● **Problem to solve**: Leave every picture out, then reproduce the rest of the listing exactly.

● **Given records**:
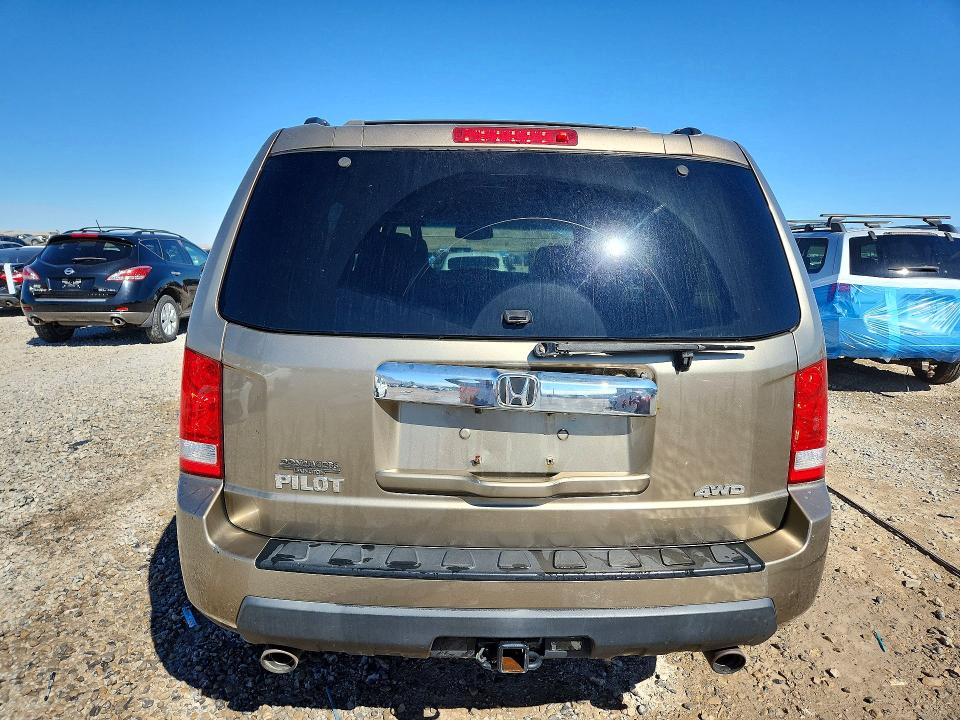 Aukcja sprzedaży 2011 Honda Pilot, vin: 5FNYF4H48BB048124, numer aukcji: 70296006
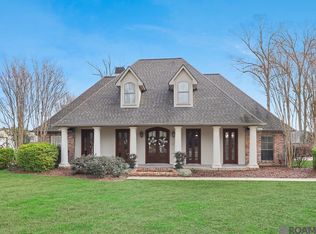11356 Greenside Dr, Gonzales, LA 70737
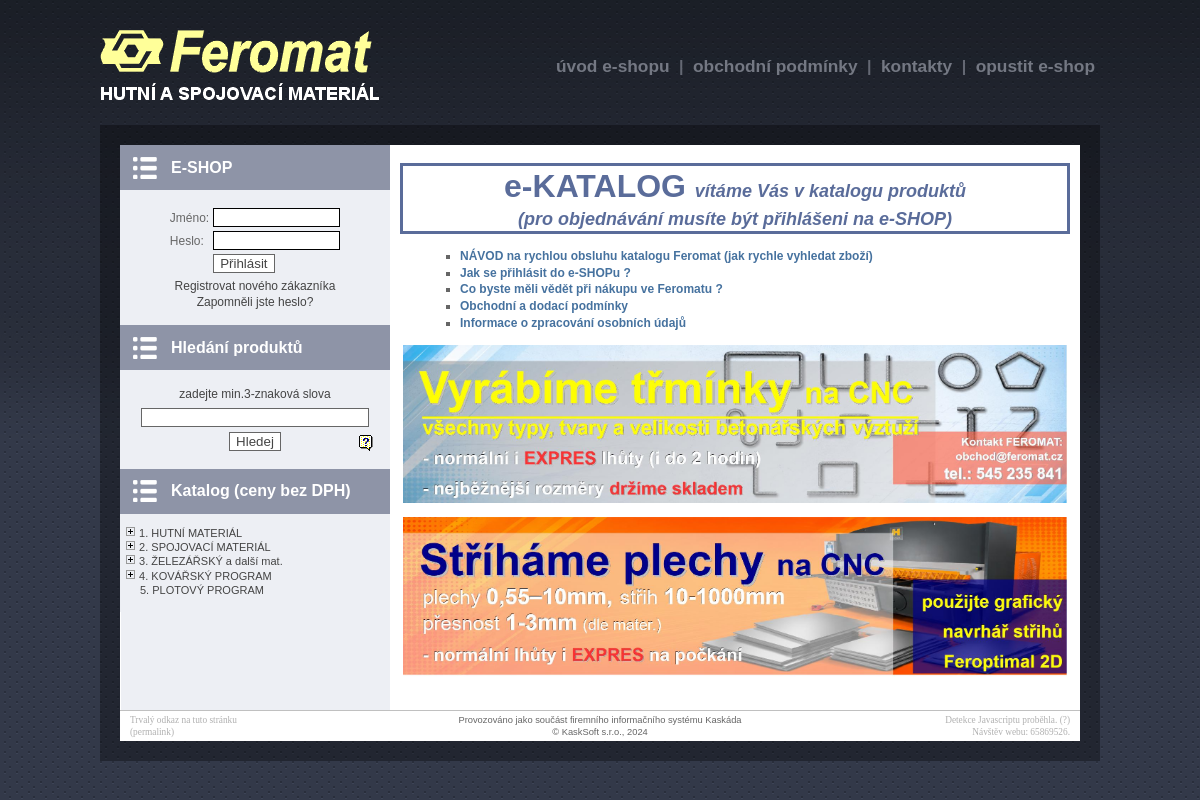 Shop.feromat.cz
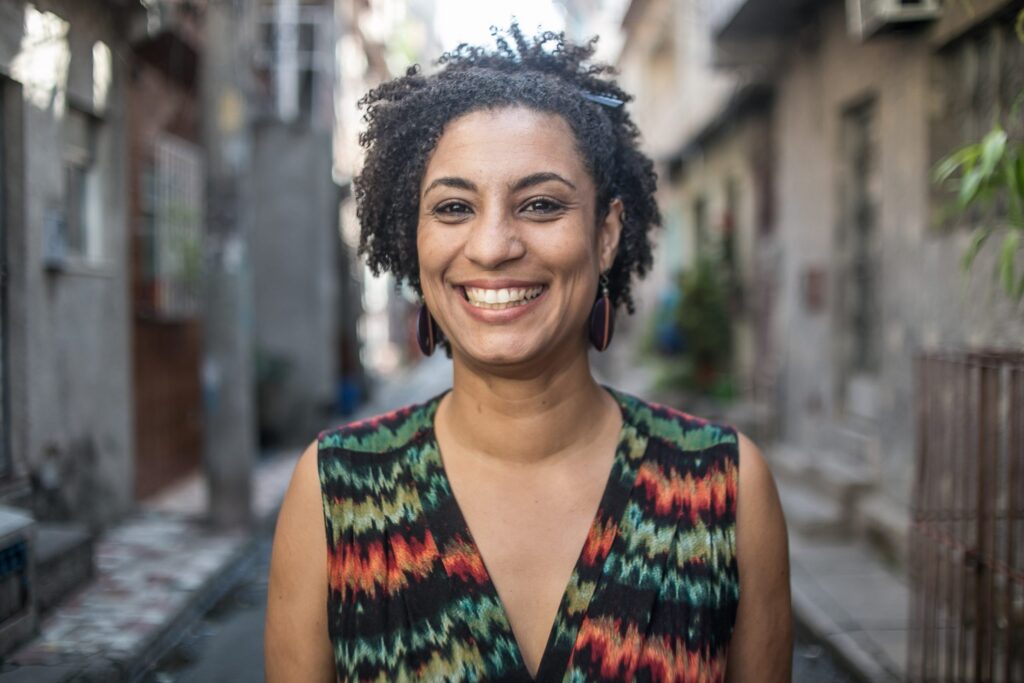 Biografia Marielle Franco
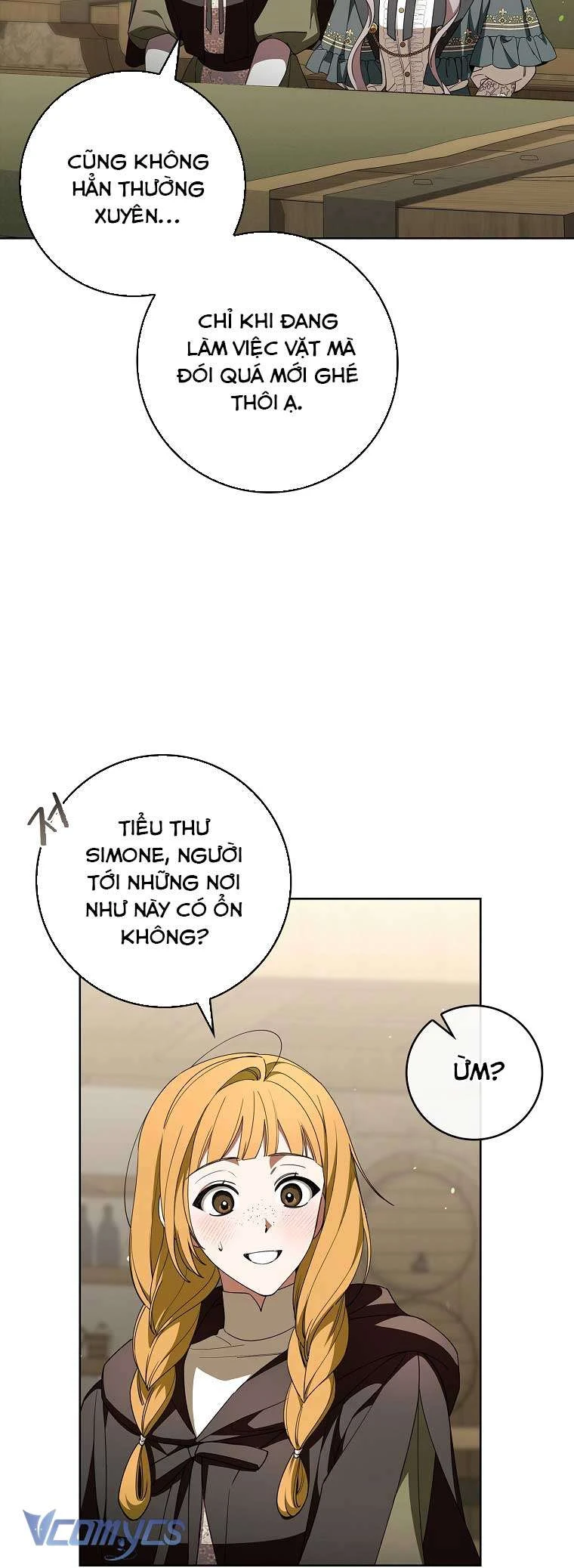 100 Lời Nguyền Của Biệt Thự Elleston Chapter  17 - 3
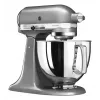 KitchenAid 5KSM125ECU kuchynský robot 300 W strieborný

● **Reply**:
 Aukcja sprzedaży 2011 Honda Pilot, vin: 5FNYF4H48BB048124, numer aukcji: 70296006
11356 Greenside Dr, Gonzales, LA 70737
 Shop.feromat.cz
 Biografia Marielle Franco
 100 Lời Nguyền Của Biệt Thự Elleston Chapter  17 - 3
 KitchenAid 5KSM125ECU kuchynský robot 300 W strieborný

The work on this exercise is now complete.